CURRENT EXHIBITIONS:
Public Opening: Sunday, April 3, 3 - 5 pm
Masks are required inside the gallery.
A noted historian of U.S. women and social policy, Sonya Michel began her career in art after retiring from a professorship at the University of Maryland, College Park in 2016. Since then, she has been exploring and experimenting with many different media as she develops ways to express how she sees the world and responds to it. Starting with painting, she found herself drawn to less conventional materials—what she calls “the stuff of everyday life”: packaging and labels; textiles, paper and plastics; “found objects,” large and small. Incorporated into her work as-is or prepared by tearing, painting, crunching or other modifications, the results take the form of collages and assemblages as well as works on canvas.
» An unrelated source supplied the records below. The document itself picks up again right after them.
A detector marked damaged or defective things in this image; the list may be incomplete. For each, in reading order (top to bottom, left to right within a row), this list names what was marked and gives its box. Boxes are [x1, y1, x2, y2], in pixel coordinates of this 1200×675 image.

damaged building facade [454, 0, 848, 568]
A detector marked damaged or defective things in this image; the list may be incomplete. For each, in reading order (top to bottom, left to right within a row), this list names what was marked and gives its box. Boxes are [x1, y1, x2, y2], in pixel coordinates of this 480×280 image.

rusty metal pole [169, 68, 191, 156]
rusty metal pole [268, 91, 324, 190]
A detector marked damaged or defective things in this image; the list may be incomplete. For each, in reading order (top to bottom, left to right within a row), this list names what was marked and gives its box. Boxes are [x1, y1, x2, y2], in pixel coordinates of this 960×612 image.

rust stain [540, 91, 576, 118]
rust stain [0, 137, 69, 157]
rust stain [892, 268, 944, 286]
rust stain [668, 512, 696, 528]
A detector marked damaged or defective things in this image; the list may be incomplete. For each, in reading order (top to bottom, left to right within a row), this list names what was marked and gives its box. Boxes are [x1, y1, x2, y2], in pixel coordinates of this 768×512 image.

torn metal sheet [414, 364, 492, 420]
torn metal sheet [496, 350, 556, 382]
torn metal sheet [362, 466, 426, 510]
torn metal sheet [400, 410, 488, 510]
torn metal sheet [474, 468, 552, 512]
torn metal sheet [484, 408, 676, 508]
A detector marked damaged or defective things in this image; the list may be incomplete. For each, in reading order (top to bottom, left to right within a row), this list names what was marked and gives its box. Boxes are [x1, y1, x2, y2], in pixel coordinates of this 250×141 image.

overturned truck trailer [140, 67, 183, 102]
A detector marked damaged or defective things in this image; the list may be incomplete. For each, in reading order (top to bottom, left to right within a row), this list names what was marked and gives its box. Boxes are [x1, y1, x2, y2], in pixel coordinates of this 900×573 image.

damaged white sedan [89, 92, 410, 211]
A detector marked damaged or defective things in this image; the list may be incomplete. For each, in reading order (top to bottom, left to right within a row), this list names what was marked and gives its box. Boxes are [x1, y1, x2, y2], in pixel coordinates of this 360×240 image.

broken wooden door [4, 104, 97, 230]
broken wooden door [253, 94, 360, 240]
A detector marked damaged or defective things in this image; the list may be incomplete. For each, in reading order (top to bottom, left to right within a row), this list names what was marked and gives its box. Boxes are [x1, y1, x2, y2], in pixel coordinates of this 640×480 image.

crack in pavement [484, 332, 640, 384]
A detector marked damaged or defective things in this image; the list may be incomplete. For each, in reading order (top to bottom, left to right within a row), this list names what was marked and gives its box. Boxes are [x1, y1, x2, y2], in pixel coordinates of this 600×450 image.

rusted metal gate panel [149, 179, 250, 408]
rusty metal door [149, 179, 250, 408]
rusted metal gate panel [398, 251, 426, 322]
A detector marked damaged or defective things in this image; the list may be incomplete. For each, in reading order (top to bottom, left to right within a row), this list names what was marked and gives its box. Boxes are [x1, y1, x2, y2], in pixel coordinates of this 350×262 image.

Michel says she is “intrigued by modern domesticity and the colors, textures and shapes of items that compose it—not just the products themselves but the packaging in which they arrive.” But, she notes, “I can’t help seeing the perils of abundance: the stuff that enables our lifestyles also clutters the world and poisons our air and water. To borrow a phrase from William Butler Yeats, it is a “terrible form of beauty.” The exhibit will run until May 1.
Public Opening: Sunday, April 3, 3 - 5 pm
Masks are required inside the gallery.
Amy Sabrin’s art deploys a maze of complex surfaces and mosaic-like patterns to conjure the emotional essence of spaces with which she is familiar. Her work Intentionally avoids representation of any specific place or person, offering instead a complex visual and emotional experience. By building up a jewel-like puzzle pieces of simple shapes – crosses, Xs, dots, stripes, boxes, cells, cross-hatching and more – and suffusing the surface with layers of paint, shifts of hue, and texture, Sabrin‘s art captures the feeling of wandering (perhaps lost) between spaces, down city streets, or into dead-end alleys, only to make unanticipated discoveries. The intent is to seduce the viewer, consciously or not, to try to untangle the maze and see patterns that may or may not be there, much like reading a map or viewing an unfamiliar landscape; in other words, to infuse their own meaning into the pattern.